----- DATASET SECTION
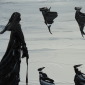 Mystery o the dance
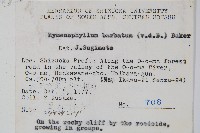 華東膜蕨藏品圖，第2張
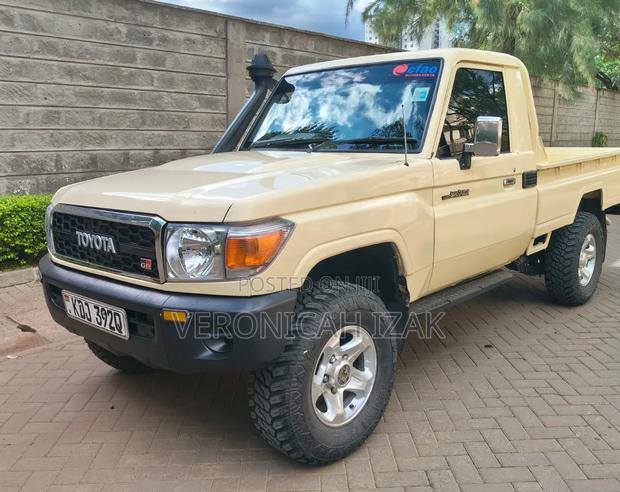 Toyota Land Cruiser 2008 Gold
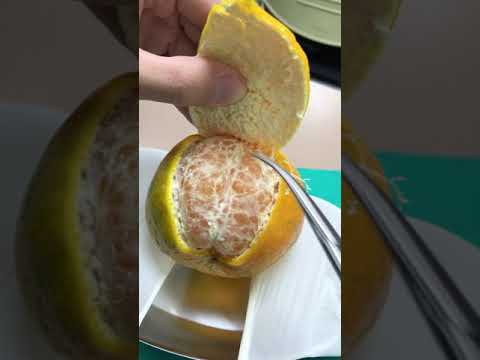 20201202基礎手術作業 橘子切片1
----------
:: WHAT YOU WILL DO ::
Print, please, exactly the lines from the one holding "華東膜蕨藏品圖，第2張" through the final line of the data, both included, while leaving out each picture.

:: RESPONSE TO THE TASK ::
 華東膜蕨藏品圖，第2張
 Toyota Land Cruiser 2008 Gold
 20201202基礎手術作業 橘子切片1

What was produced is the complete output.